Friday, 18 April 2014

-| Punakha |-
    Bhutan 

altitude – 1200 mts
temperature – 12 deg C / 5 deg C


I had thought the route from Paro to Thimpu was beautiful but it was no comparison to the route towards Punakha.





A brief stop at Dochula pass (alt. 3150 mts) allowed us a picturesque view of the Himalayas. The 108 Chortens brings multifold merit to all sentient beings. As seen in most other places, we saw a lot of prayer flags which are tied with the belief that the blowing breeze will gather spiritual power and bless them & their family with well-being. 









A gradual change in topography and flora were indicators that we were heading towards the low valley of Punakha. We stopped at one point on the road where Jamyang sprayed the holy water of Drub Chhu on himself. The locals believe it to be an auspicious waterfall as its source point is not known. 

 


(Jamyang Chopel - our driver)


Having known us for a few days now, he suggested having ‘makka’ at the road side of Thinley Gang village which we enjoyed (Though I would have loved some salt, red chilli powder and lemon juice with it)
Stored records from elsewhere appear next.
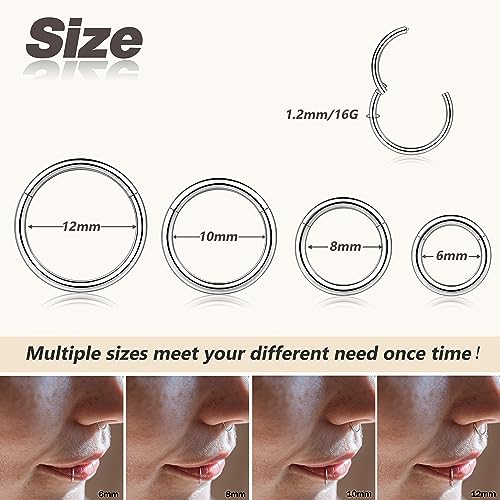 4/5/8 pcs 16G/18G/20G 316L Surgical Steel Hinged Nose Rings Hoops Lip Septum Rings Helix Conch Rook Cartilage Tragus Earrings Piercing Jewelry Black Silver Gold Plated Nose Rings Women Men - color: Gold and Silver - 16G (6mm-12mm) - 8PCs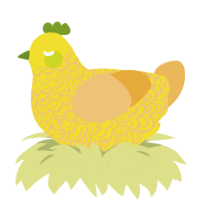 limebert, a yellow and honey chicken with a double-lace pattern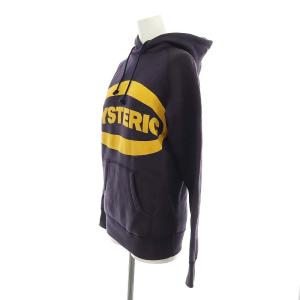 HYSTERIC GLAMOUR ビッグロゴフーディーパーカー トレーナー 長袖 プルオーバー フード付き コットン F 紺 ネイビー 黄 イエロー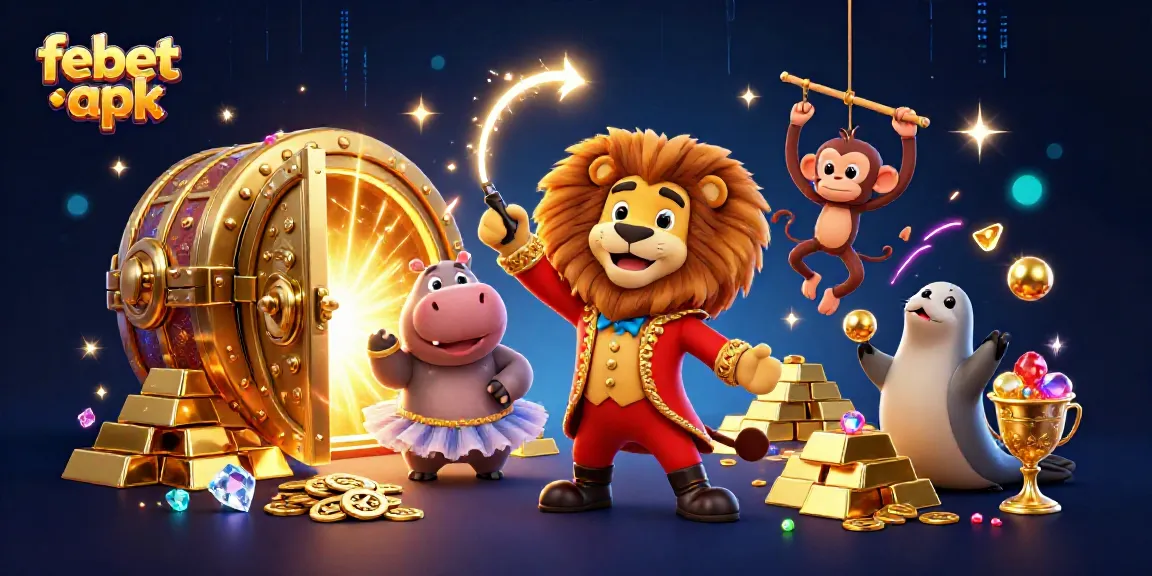 Experience the excitement of winning with febet apk's vibrant casino-themed illustration featuring dynamic characters and gold treasures.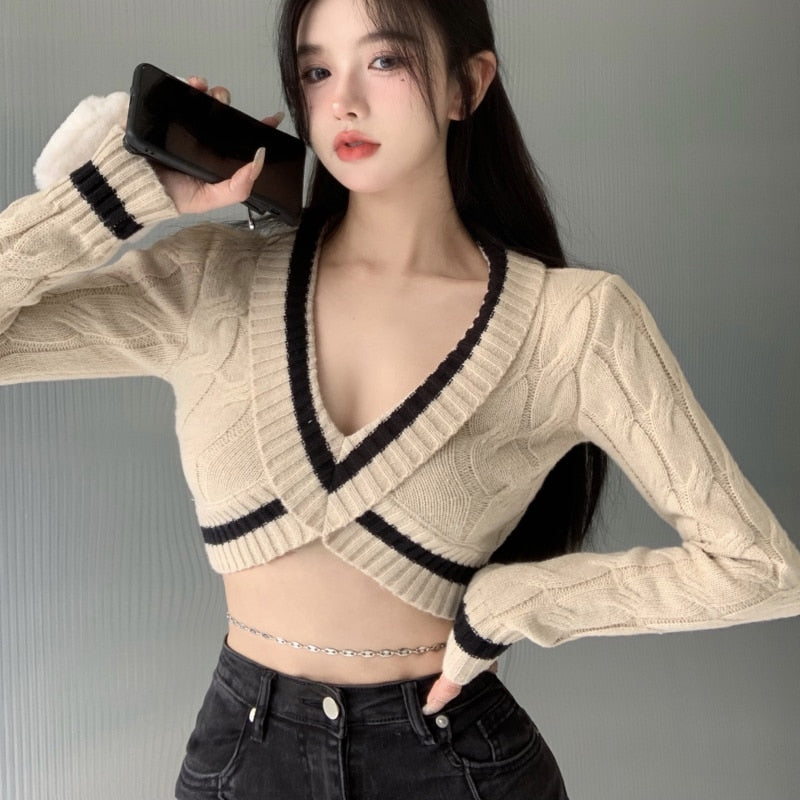 Sexy Women Sweater Pullover V Neck Fashion Knitted Tops Long Sleeve Spring Korean Slim Chic Designed Cropped Sweater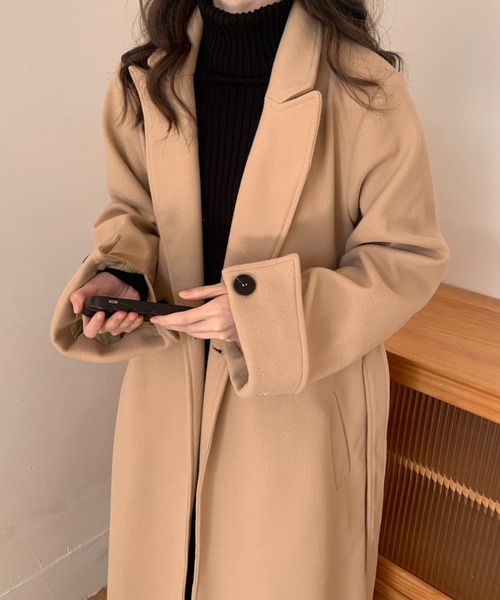 ABITOKYO(アビトーキョー)の「バックスリットオーバーサイズロングチェスターコート(チェスターコート・レディース・ベージュ/ブラウン/グリーン/ブラック/グレイッシュベージュ/ネイビー/モカ/テラコッタ/ブルーグレー/カーキ・FREE)」の21枚目の写真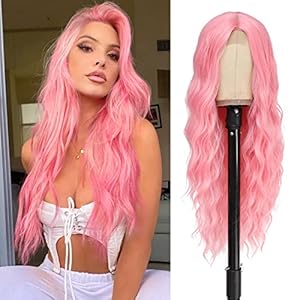 Cosplay Long Pink Wig 28 Inch Middle Part Synthetic Wig Realistic Gifts Party Wigs for Women Daily Use Colorful Wigs (Pink)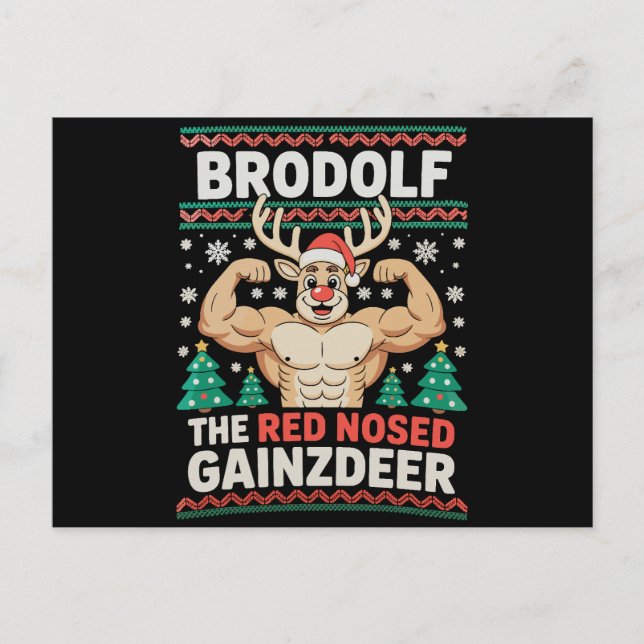 Brodolf Rödnäsad Gainzren Julgym Helg Vykort (Framsida)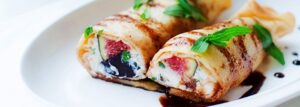 Baked pancakes with figs, ricotta and fresh tarragon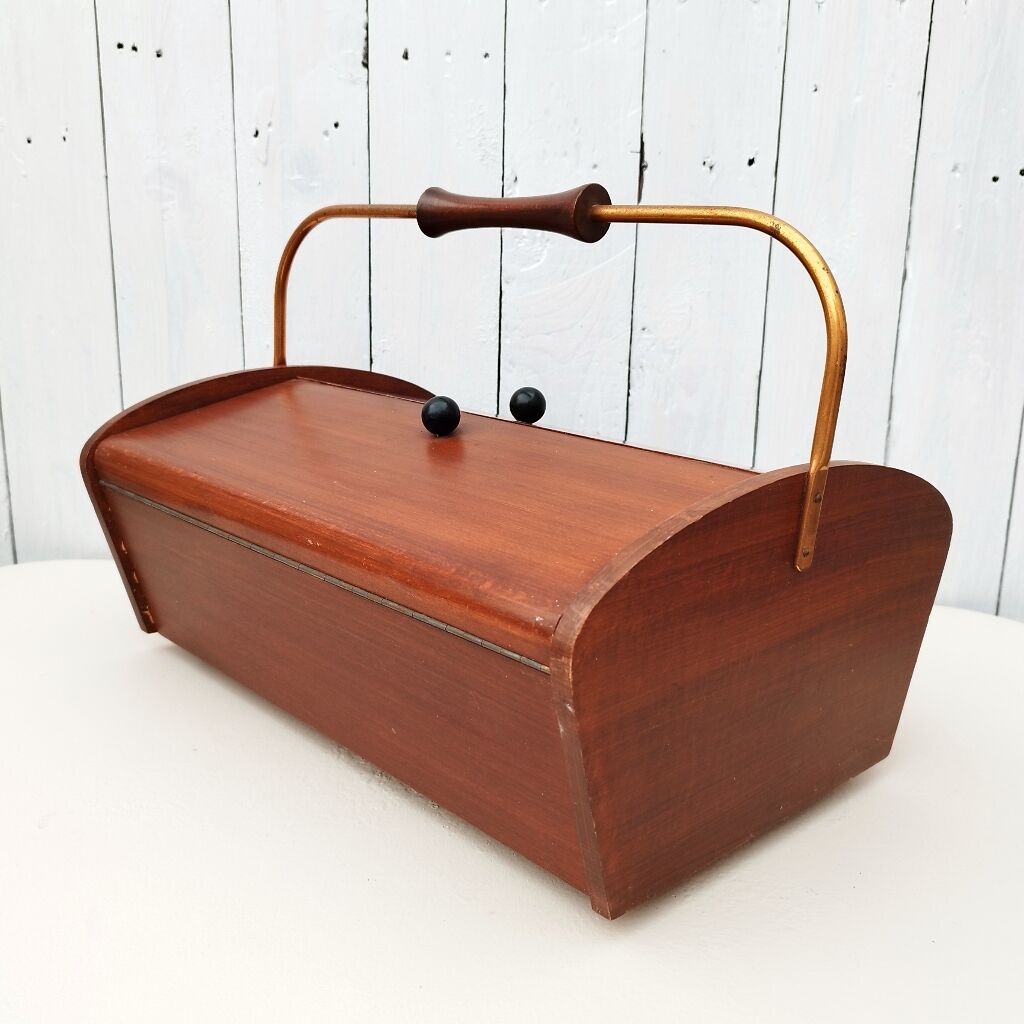 Old sewing box worker varnished wood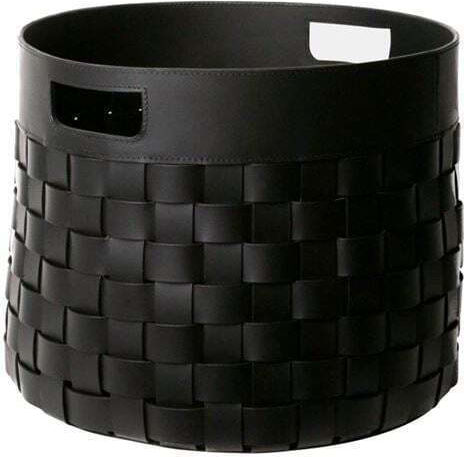 Leather Woven Decorative Basket Leather Artificial Leather with Handles Black 40x31cm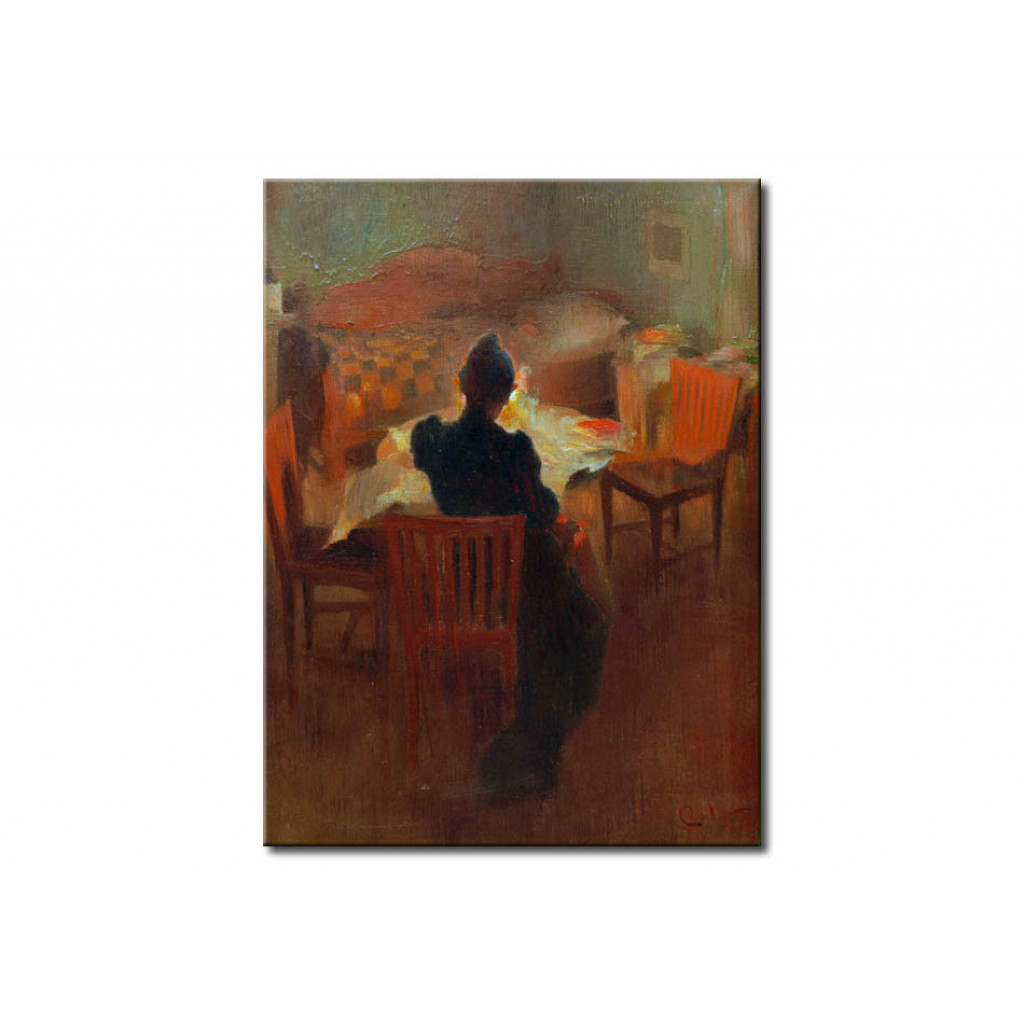Schilderij  Carl Larsson: Interieur Aus Dalarna Im Lampenlicht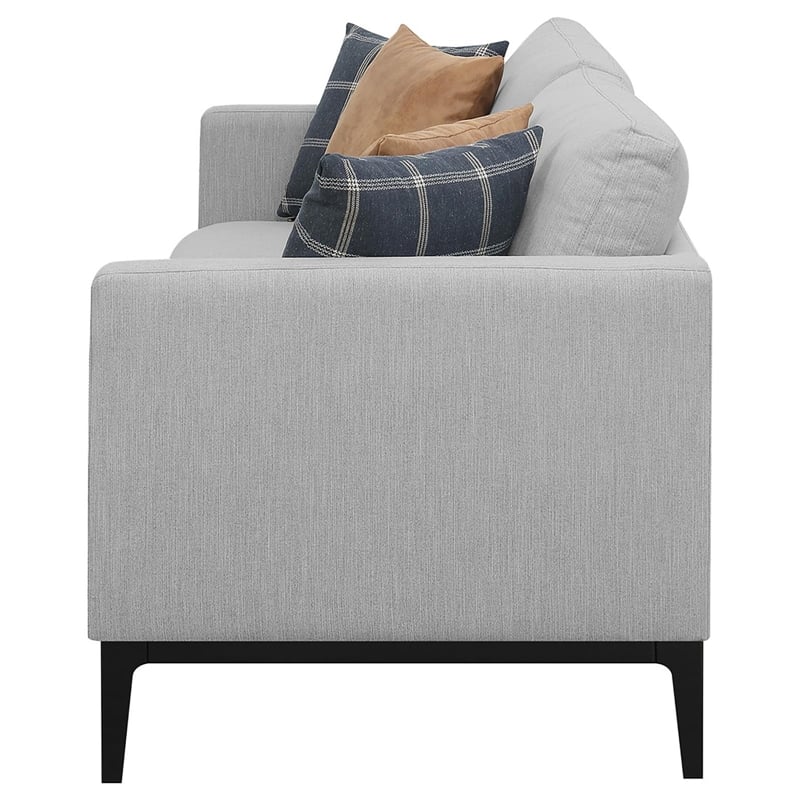 Pemberly Row Upholstered Fabric Sofa with Cushioned Back in Light Gray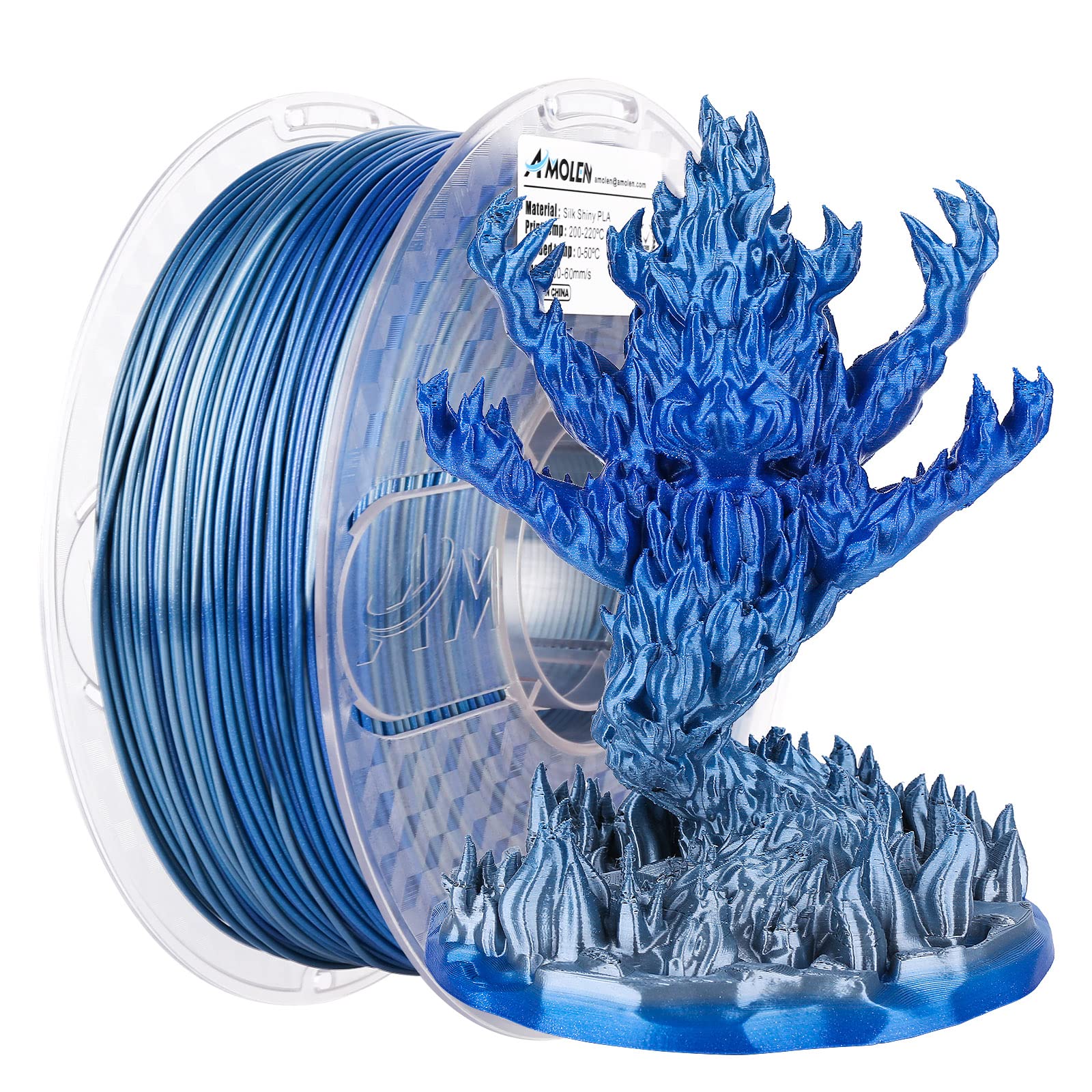 AMOLEN PLA 3D Printer Filament 1.75mm - Silk Shiny Blue Silver Filament for 3D Printing (1KG/2.2lb) - Perfect for Cosplay, DIY Models & Home Decor Projects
Did I mention before that Bhutan’s land and people both are beautiful.
 











The view from our hotel room balcony was so beautiful that we sat there for hours until it was dark and the insects started using our bodies for their resting place! 

 





We heard shouts for khakras and theplas when we entered the dining hall for breakfast and Yash exclaimed that gujjus seem to be around. And wasn’t she right? A large group of Guajaratis were seated on two long dining tables happily munching away and asking for more homemade food. [For those who are not aware, we gujjus love food and love to lug it around on our trips. Fyi - My mummy was a tad bit disappointed that I did not follow the tradition & take theplas with me ;) ]

 





Punakha Dzong is situated on the confluence of Mo Chhu (father) and Po Chhu (mother) rivers in Wangdue district. It is a majestic structure. 

 
















‘Om Ma ni Pe me Hum’  are the words to recite while circling the prayer wheel. It is basically a Sanskrit word and means that through the practice of a path that is a union of love and compassion with wisdom, you can transform your impure body, speech and mind into the pure exalted body, speech and mind of Buddha.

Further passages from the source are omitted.